REQUIRED ACTION
Keep the text of the data exactly as it is and omit each picture from the copy.

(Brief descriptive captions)
━━━━━━
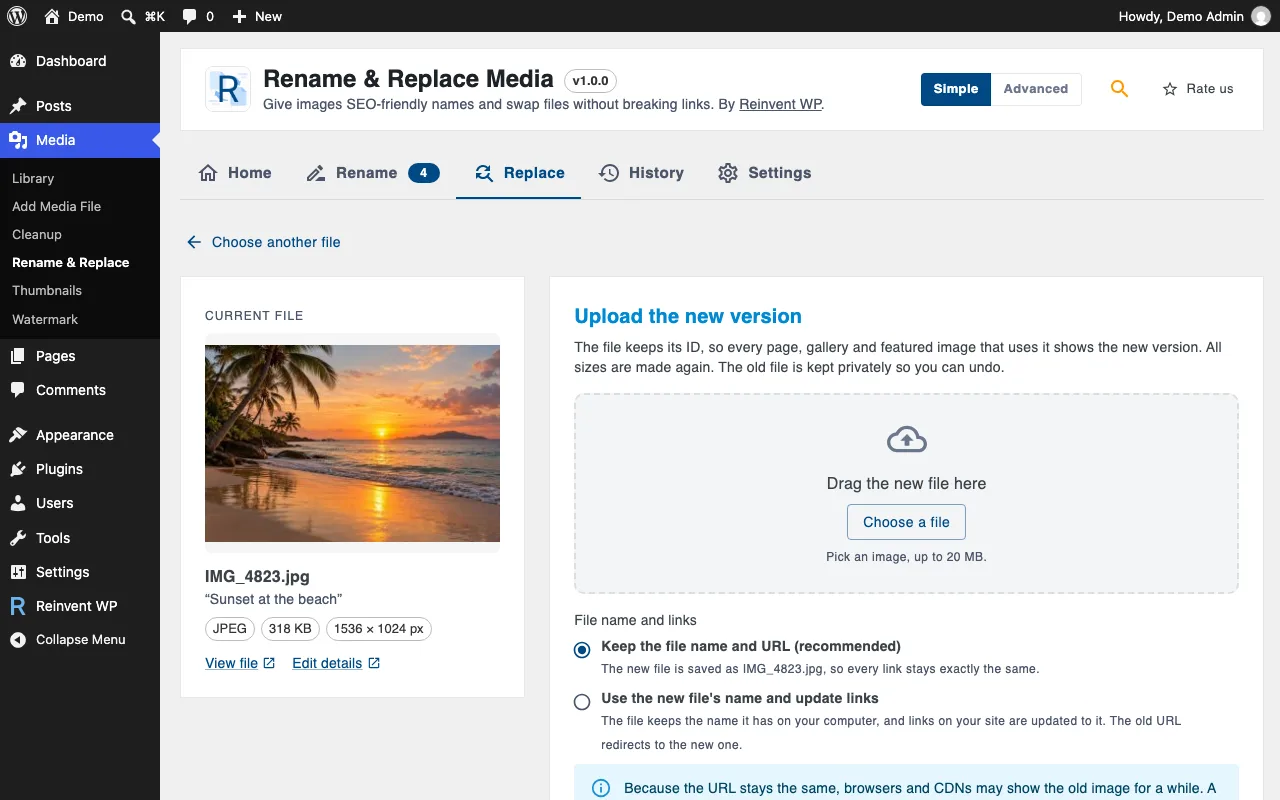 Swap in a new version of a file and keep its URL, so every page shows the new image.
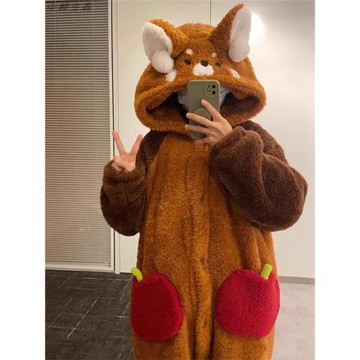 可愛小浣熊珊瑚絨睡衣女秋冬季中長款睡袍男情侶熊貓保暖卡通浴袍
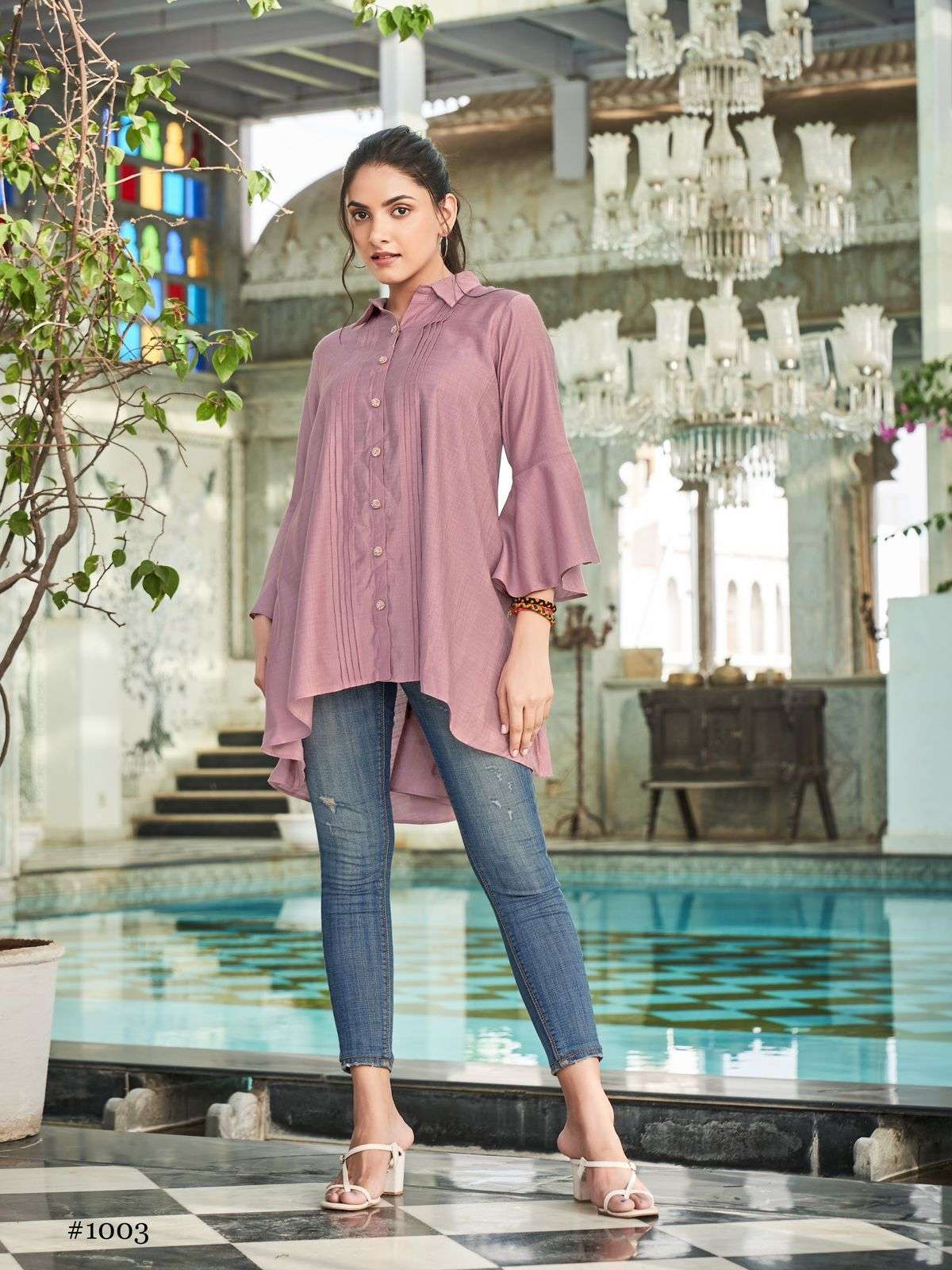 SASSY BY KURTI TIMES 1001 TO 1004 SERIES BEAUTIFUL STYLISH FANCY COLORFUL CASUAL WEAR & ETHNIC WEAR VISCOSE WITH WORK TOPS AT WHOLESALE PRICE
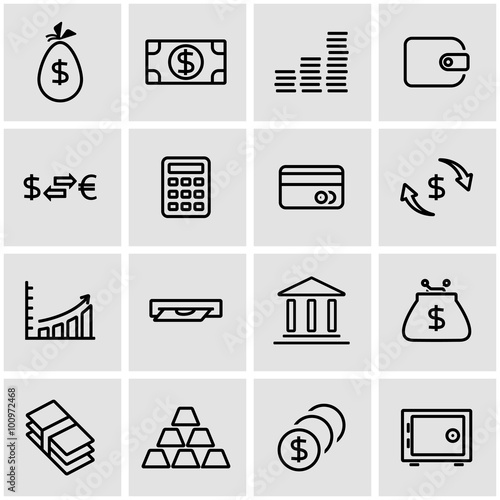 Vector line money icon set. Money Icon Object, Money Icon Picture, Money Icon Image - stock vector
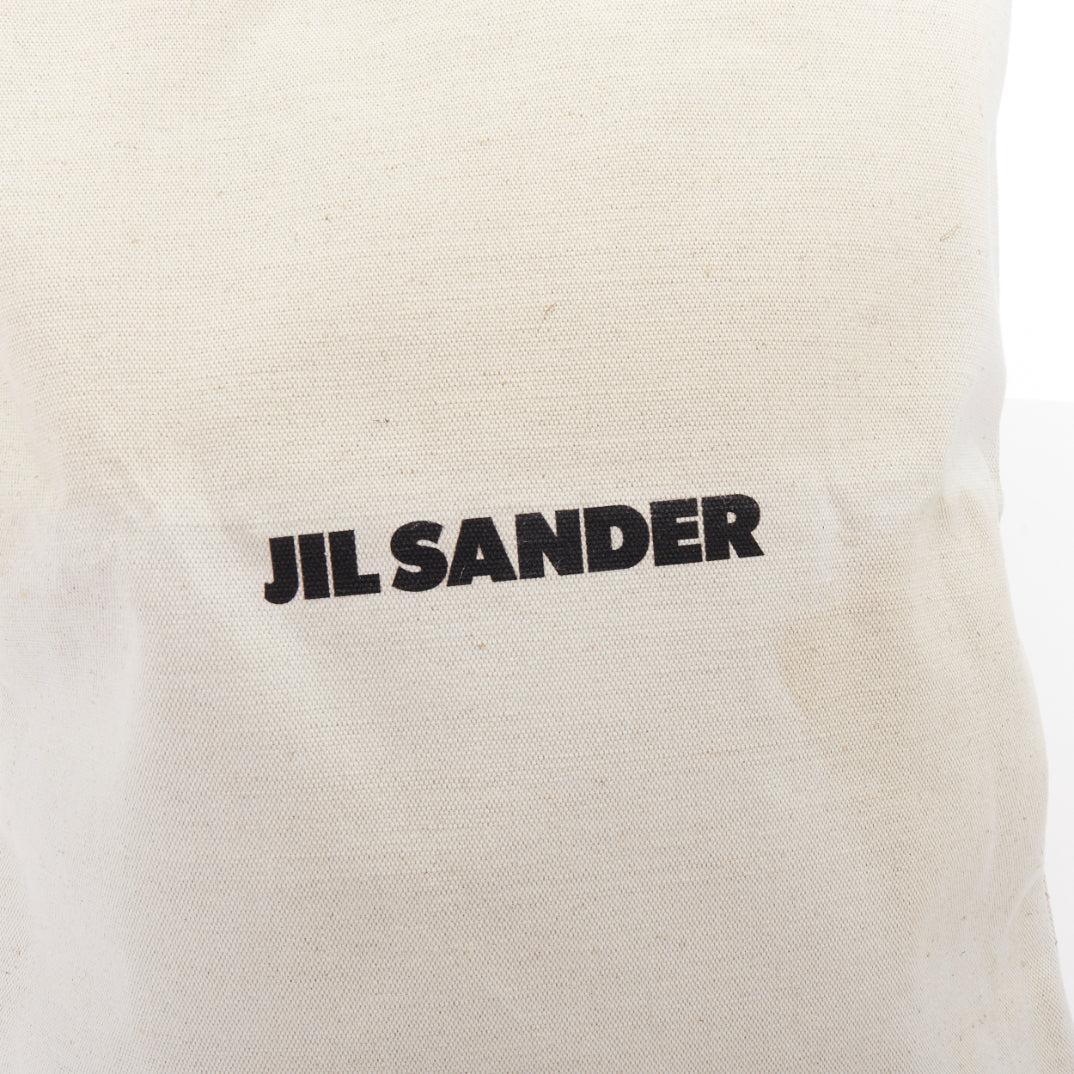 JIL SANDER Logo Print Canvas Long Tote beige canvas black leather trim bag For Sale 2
━━━━━━
RESPONSE FOR THIS EXERCISE
 Swap in a new version of a file and keep its URL, so every page shows the new image.
 可愛小浣熊珊瑚絨睡衣女秋冬季中長款睡袍男情侶熊貓保暖卡通浴袍
 SASSY BY KURTI TIMES 1001 TO 1004 SERIES BEAUTIFUL STYLISH FANCY COLORFUL CASUAL WEAR & ETHNIC WEAR VISCOSE WITH WORK TOPS AT WHOLESALE PRICE
 Vector line money icon set. Money Icon Object, Money Icon Picture, Money Icon Image - stock vector
 JIL SANDER Logo Print Canvas Long Tote beige canvas black leather trim bag For Sale 2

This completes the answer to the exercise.